## Tuesday, April 7, 2015

### Find The Unknown Function...

Let $f(x)$ be an unknown function defined on $[0,\infty)$ with $f(0)=0$ and $f(x)\le x^2$ for all $x$. For each $0\le t$, let $A_t$ be the area of the region bounded by $y=x^2$, $y=ax^2$ (where $1<a$) and $y=t^2$. Let $B_t$ be the area of the region bounded by $y=x^2$, $y=f(x)$ and $x=t$. See the image below:

a) Show that if $A_t=B_t$ for some time $t$, then:

[MATH]\int_0^{t^2}\sqrt{y}-\sqrt{\frac{y}{a}}\,dy=\int_0^t x^2-f(x)\,dx[/MATH]

b) Suppose $A_t=B_t$ for all $0\le t$. Find $f(x)$.

c) What is the largest value that $a$ can have so that $0\le f(x)$ for all $x$?

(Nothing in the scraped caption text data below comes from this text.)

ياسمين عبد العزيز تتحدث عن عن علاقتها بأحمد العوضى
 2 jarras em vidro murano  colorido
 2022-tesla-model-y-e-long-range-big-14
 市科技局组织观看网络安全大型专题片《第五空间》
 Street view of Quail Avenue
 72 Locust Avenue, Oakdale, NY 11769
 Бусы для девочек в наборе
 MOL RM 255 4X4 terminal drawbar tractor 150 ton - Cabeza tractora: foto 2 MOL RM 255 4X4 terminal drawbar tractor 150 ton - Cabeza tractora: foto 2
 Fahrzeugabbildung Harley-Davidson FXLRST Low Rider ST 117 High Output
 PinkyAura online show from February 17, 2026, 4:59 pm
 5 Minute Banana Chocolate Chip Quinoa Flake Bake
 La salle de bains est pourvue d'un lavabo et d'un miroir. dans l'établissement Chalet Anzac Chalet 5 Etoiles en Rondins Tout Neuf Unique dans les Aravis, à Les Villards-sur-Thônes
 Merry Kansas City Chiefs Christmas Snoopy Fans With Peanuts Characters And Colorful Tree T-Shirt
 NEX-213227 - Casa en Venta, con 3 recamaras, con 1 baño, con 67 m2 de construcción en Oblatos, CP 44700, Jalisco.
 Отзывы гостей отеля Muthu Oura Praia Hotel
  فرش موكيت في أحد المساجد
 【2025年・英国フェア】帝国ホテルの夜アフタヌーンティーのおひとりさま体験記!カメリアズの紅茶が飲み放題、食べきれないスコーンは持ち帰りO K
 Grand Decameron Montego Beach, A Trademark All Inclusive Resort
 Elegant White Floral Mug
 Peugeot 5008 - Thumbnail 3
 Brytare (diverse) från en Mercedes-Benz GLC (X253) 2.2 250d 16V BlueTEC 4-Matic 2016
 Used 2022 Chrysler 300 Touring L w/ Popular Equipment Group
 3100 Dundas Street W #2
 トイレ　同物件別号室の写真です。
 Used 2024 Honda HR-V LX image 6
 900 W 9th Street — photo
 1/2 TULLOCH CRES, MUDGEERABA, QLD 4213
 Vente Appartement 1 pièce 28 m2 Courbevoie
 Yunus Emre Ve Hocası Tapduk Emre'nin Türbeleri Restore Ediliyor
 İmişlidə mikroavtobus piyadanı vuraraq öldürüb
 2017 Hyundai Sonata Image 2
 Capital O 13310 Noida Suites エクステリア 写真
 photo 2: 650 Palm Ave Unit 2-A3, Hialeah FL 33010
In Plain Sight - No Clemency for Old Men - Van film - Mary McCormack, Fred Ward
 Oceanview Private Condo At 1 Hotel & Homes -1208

a) We may take the $y$-coordinate of point $P$, and using the point on the curve $y=ax^2$ having the same $y$-coordinate, state:

[MATH]ax^2=t^2[/MATH]

Taking the positive root, we have:

[MATH]x=\frac{t}{\sqrt{a}}[/MATH]

And so integrating with respect to $y$, we have:

[MATH]A_t=\int_0^{t^2}\sqrt{y}-\sqrt{\frac{y}{a}}\,dy[/MATH]

Now, integrating with respect to $x$, we see we may state:

[MATH]B_t=\int_0^t x^2-f(x)\,dx[/MATH]

So, if $A_t=B_t$, then we may state:

[MATH]\int_0^{t^2}\sqrt{y}-\sqrt{\frac{y}{a}}\,dy=\int_0^t x^2-f(x)\,dx[/MATH]

Here's another slightly different approach:

If we add a horizontal strip to $A_t$, we find the area of this strip is:

[MATH]dA_t=\left(t-\frac{t}{\sqrt{a}} \right)\,dy[/MATH]

And adding a vertical strip to $B_t$, we find the area of this strip to be:

[MATH]dB_t=\left(x^2-f(x) \right)\,dx[/MATH]

We require these differentials to be the same, hence:

[MATH]\left(t-\frac{t}{\sqrt{a}} \right)\,dy=\left(x^2-f(x) \right)\,dx[/MATH]

On the left, we need to express $t$ as a function of $y$, and we know:

[MATH]y=t^2\,\therefore\,t=\sqrt{y}[/MATH]

and so we have:

[MATH]\left(\sqrt{y}-\sqrt{\frac{y}{a}} \right)\,dy=\left(x^2-f(x) \right)\,dx[/MATH]

Now is is a simple matter of adding all of the elements of the areas, to get:

[MATH]\int_0^{t^2}\sqrt{y}-\sqrt{\frac{y}{a}}\,dy=\int_0^t x^2-f(x)\,dx[/MATH]

b) Now, using the results of part a), differentiating with respect to $t$, we find:

[MATH]\frac{d}{dt}\int_0^{t^2}\sqrt{y}-\sqrt{\frac{y}{a}}\,dy=\frac{d}{dt}\int_0^t x^2-f(x)\,dx[/MATH]

[MATH]\left(t-\frac{t}{\sqrt{a}} \right)2t=t^2-f(t)[/MATH]

Solving for $f(t)$, we find:

[MATH]f(t)=\left(\frac{2-\sqrt{a}}{\sqrt{a}} \right)t^2[/MATH]

Hence:

[MATH]f(x)=\left(\frac{2-\sqrt{a}}{\sqrt{a}} \right)x^2[/MATH]

c) In order for $f(x)$ to be non-negative, we require the coefficient of $x^2$ to be non-negative:

[MATH]\frac{2-\sqrt{a}}{\sqrt{a}}\ge0[/MATH]

[MATH]2\ge\sqrt{a}[/MATH]

[MATH]4\ge a[/MATH]